EXERCISE DESCRIPTION » Give back the lines of the entries below exactly as written, from the first line to the line holding "Hiiret - Logitech", both included, with the pictures omitted.

Image-caption web data
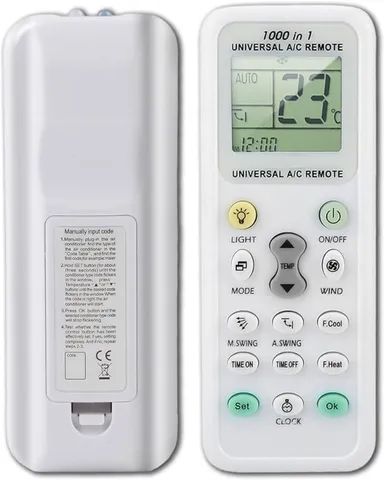 Controle para Ar Condicionado Universal  - Foto 5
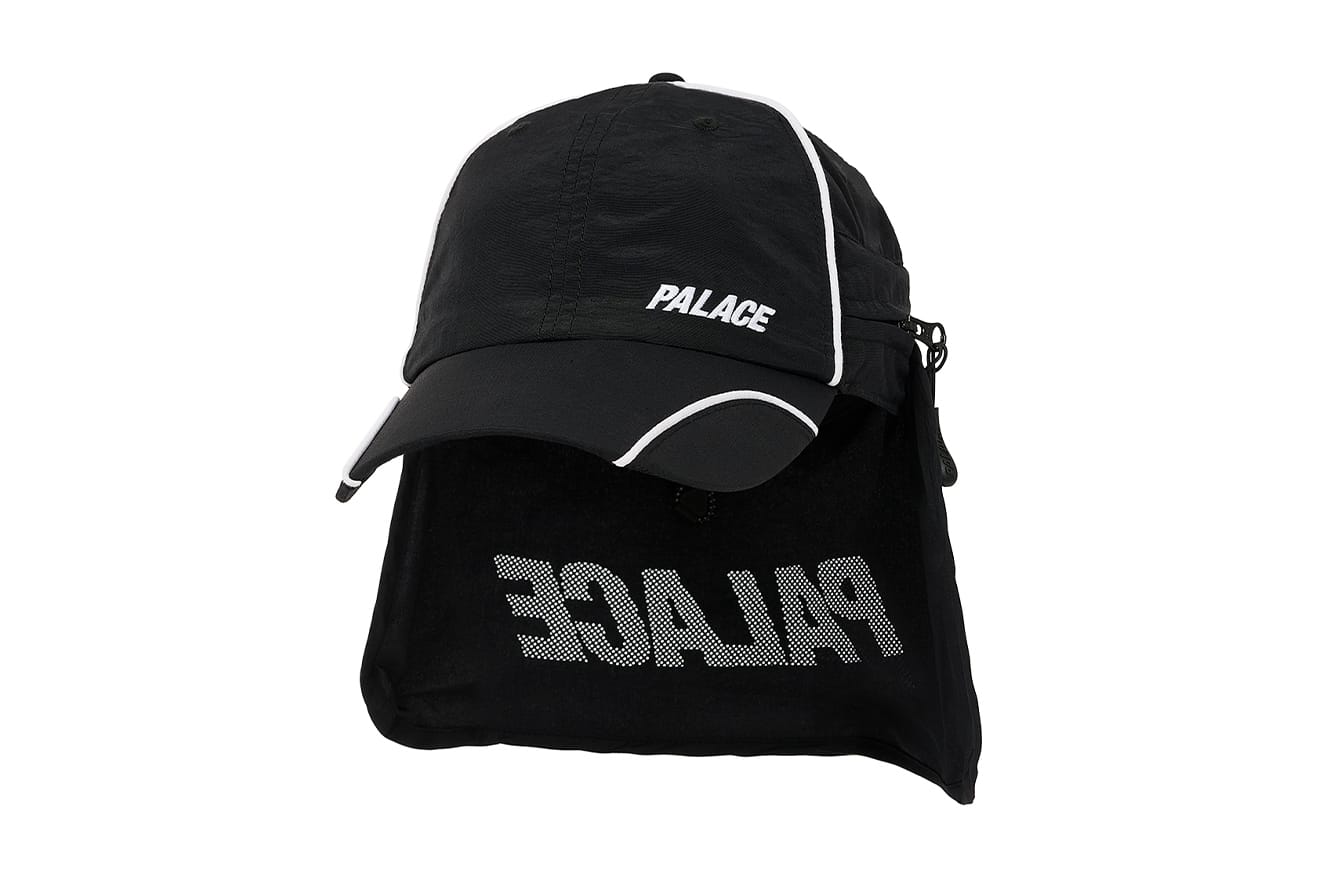 Palace Skateboards 2023 夏季系列全品項圖輯正式公開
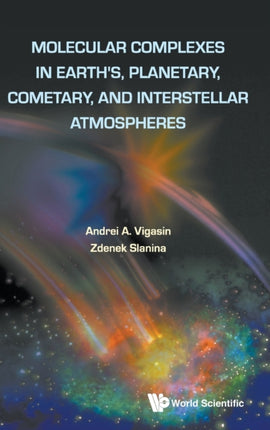 Molecular Complexes In Earth's, Planetary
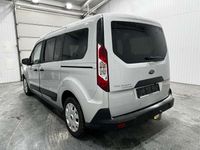 Gebraucht Ford Transit 120 PS (88 kW) 2022 Silber Kombi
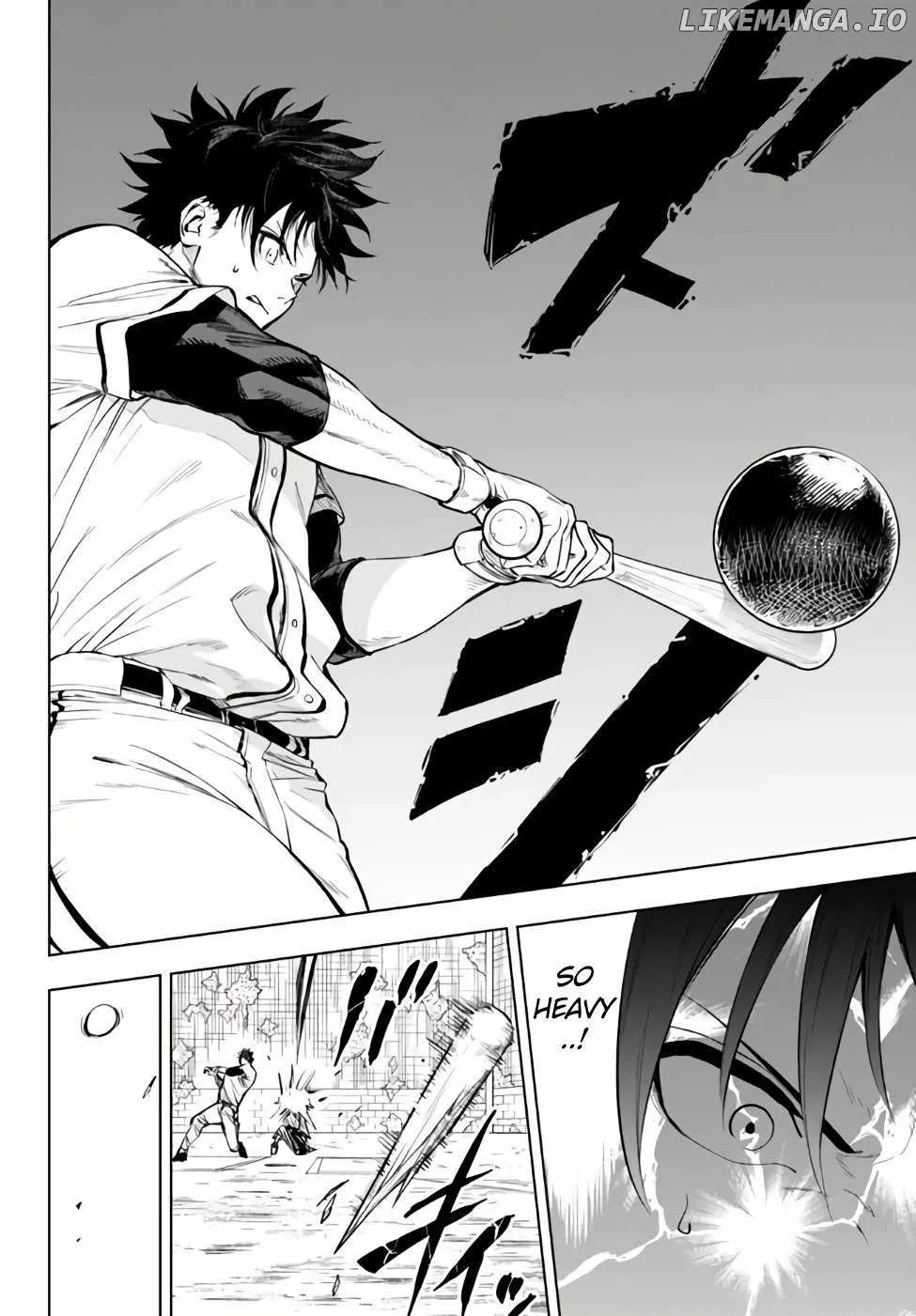 In Another World Where Baseball Is War, A High School Ace Player Will Save A Weak Nation Chapter 32.1 page 16 - MangaKakalot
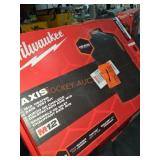 Milwaukee M12 Heated Axis Vest Kit M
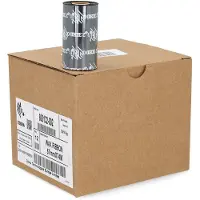 Zebra 800132-002 wax ribbon 57mm x 74 mm ( 12 stuks ) nr. 5319 (origineel)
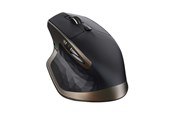 Hiiret - Logitech MX Master yrityksille - Ergonominen hiiri - Laser - 5 painiketta - Musta - 910-005213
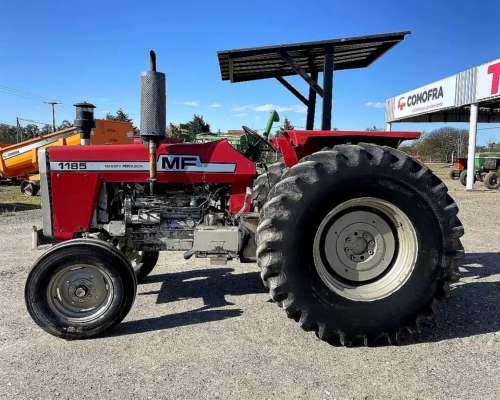 Tractor Massey Ferguson 1185 Impecable
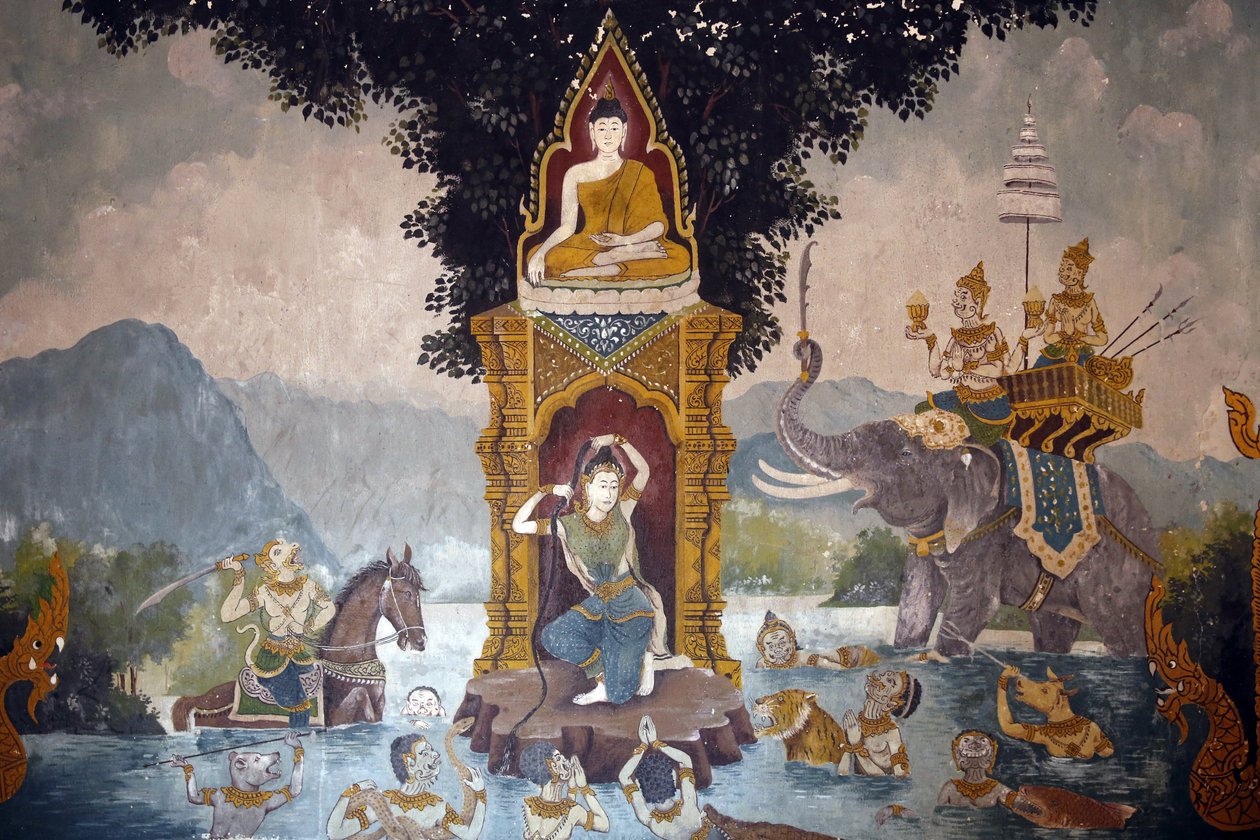 Wat Phra Doi Suthep, Chiang Mai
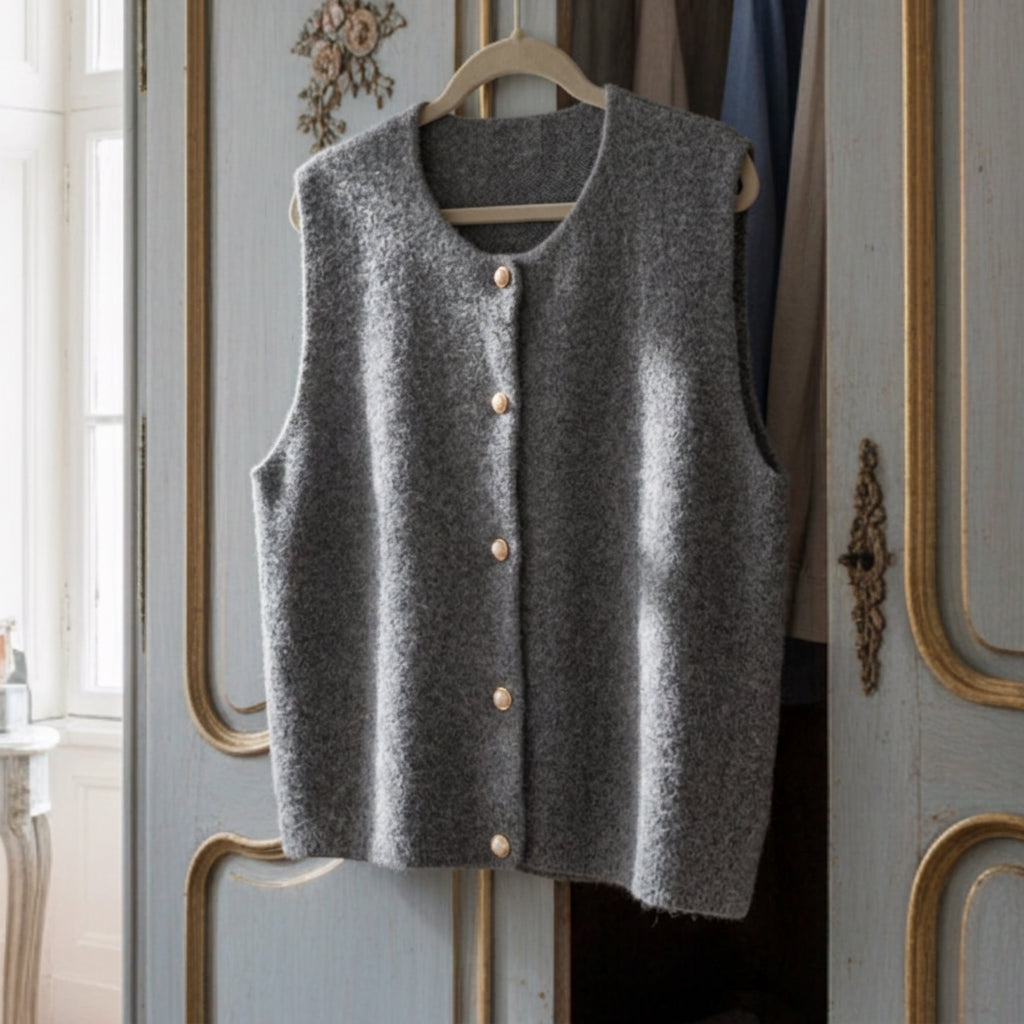 Elizabeth | Vossaine Knitted Cardigan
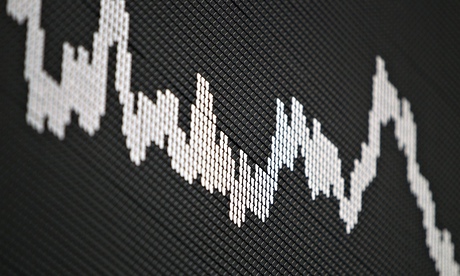 German stock market index DAX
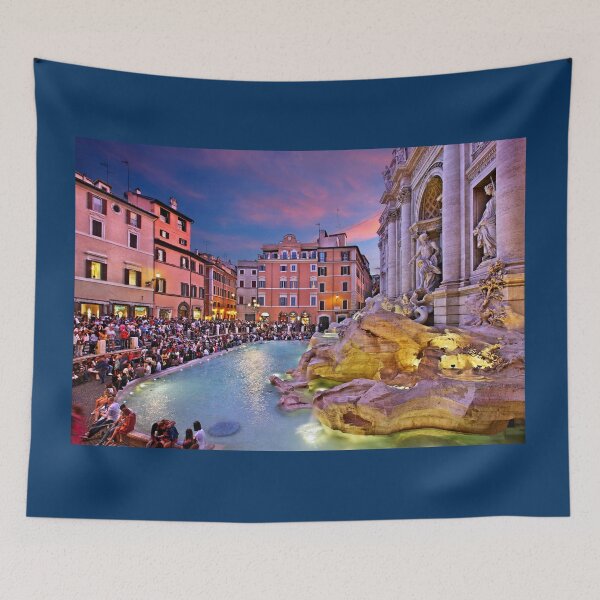 Artikelvorschau, Fontana di Trevi - Rom entworfen und verkauft von Hercules Milas.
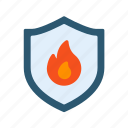 - fire shield, fire-protection, fire, protection, fire-insurance, fire-safety, safety, flammable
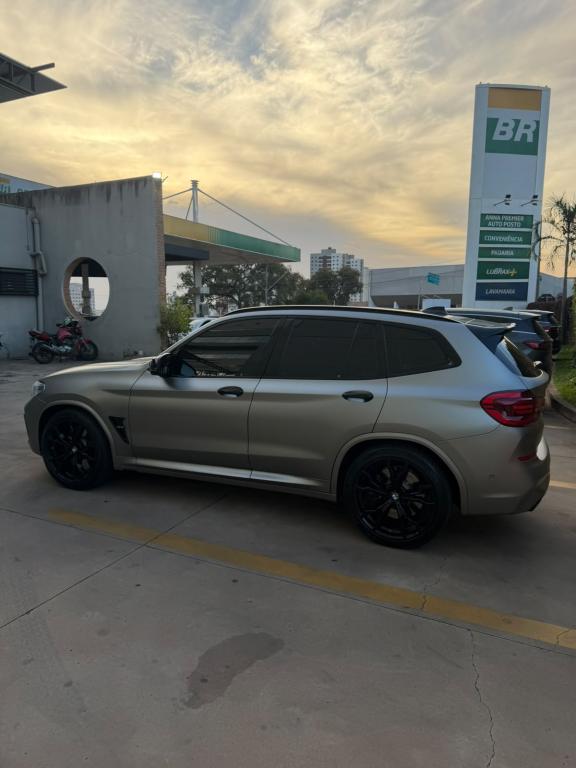BMW X3 - Foto
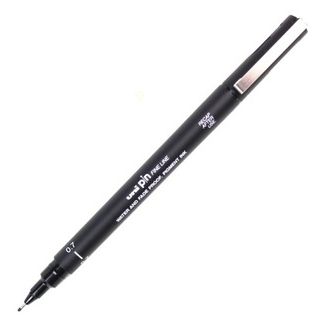 PIN07-200(S) NEGRO MILIMETRADO 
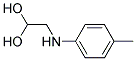 DIHYDROXYETHYL TOLUIDINE Struktur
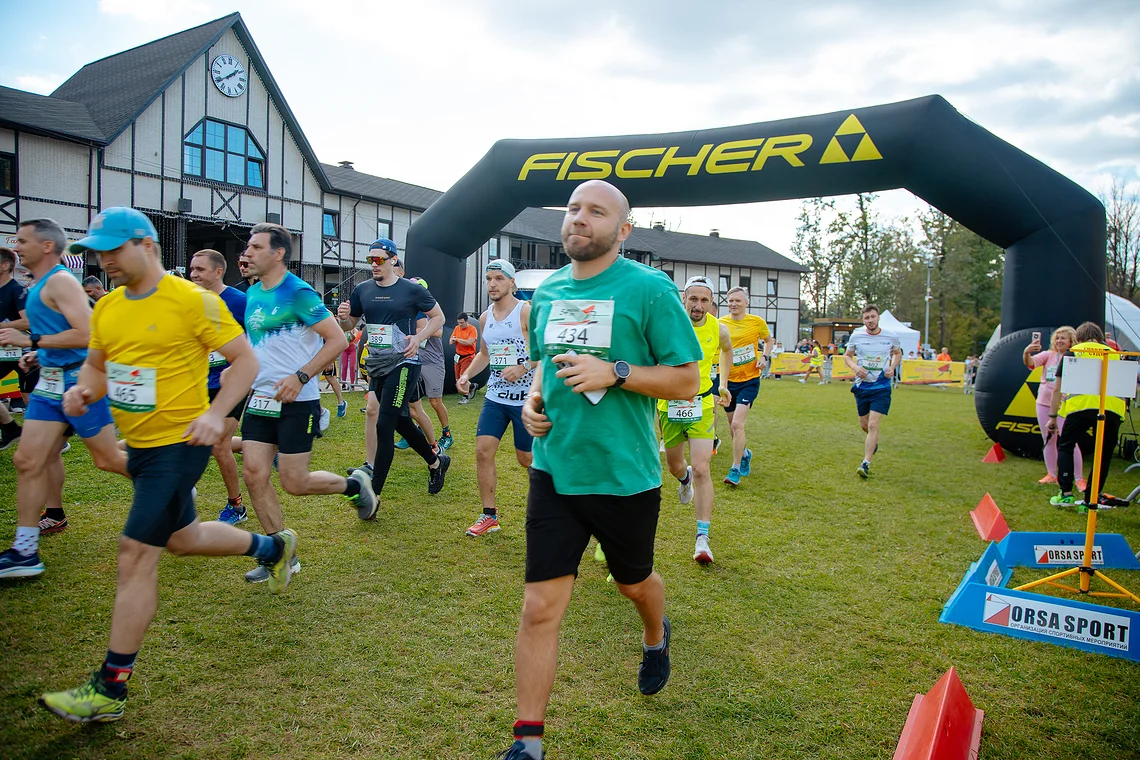 54-й Арбузный кросс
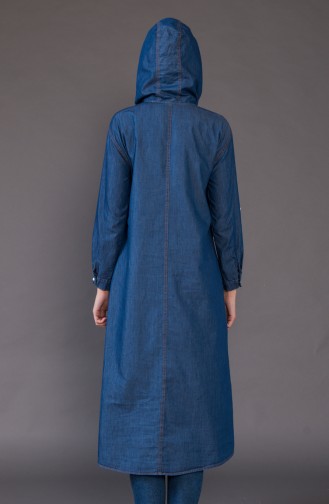 Navy Blue Cape 8199-01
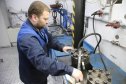 Посещение завода "СИЛУР" по изготовлению уплотнений из ТРГ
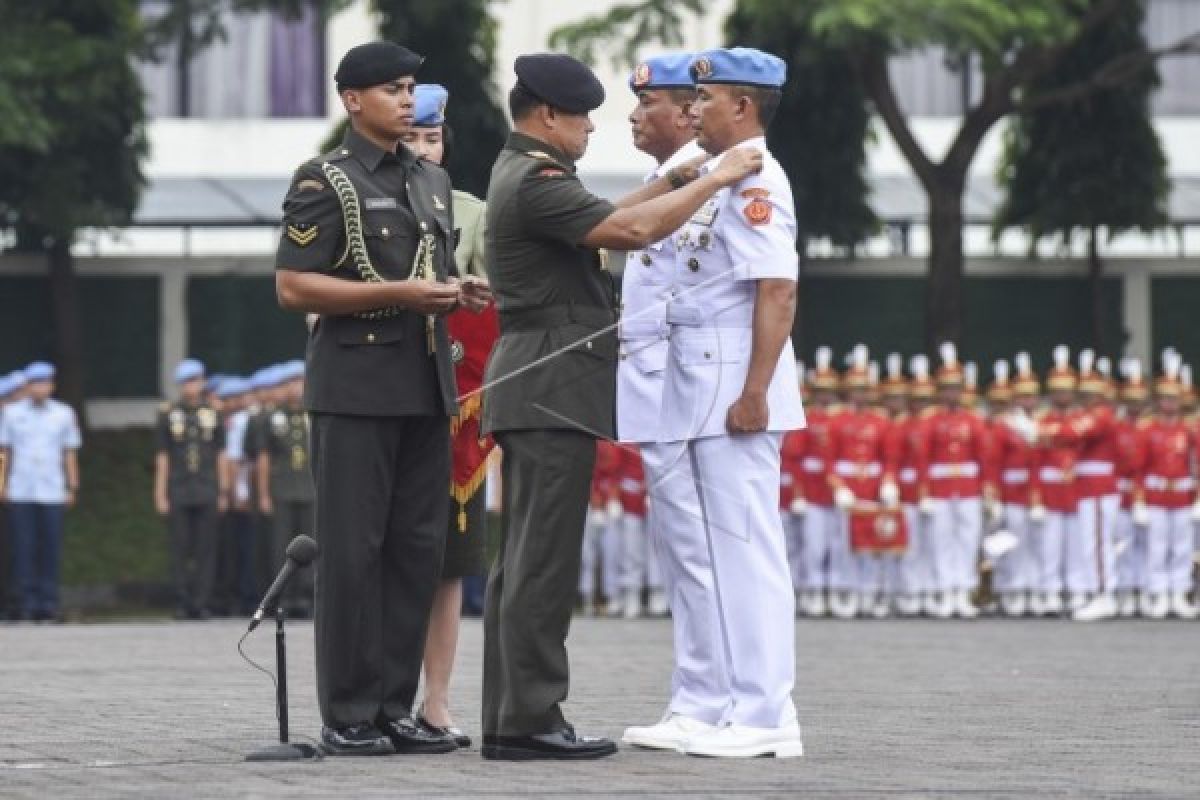 Brigjen TNI Suhartono jabat Komandan Paspampres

ANSWER BELOW »
 Controle para Ar Condicionado Universal  - Foto 5
 Palace Skateboards 2023 夏季系列全品項圖輯正式公開
 Molecular Complexes In Earth's, Planetary
 Gebraucht Ford Transit 120 PS (88 kW) 2022 Silber Kombi
 In Another World Where Baseball Is War, A High School Ace Player Will Save A Weak Nation Chapter 32.1 page 16 - MangaKakalot
 Milwaukee M12 Heated Axis Vest Kit M
 Zebra 800132-002 wax ribbon 57mm x 74 mm ( 12 stuks ) nr. 5319 (origineel)
 Hiiret - Logitech MX Master yrityksille - Ergonominen hiiri - Laser - 5 painiketta - Musta - 910-005213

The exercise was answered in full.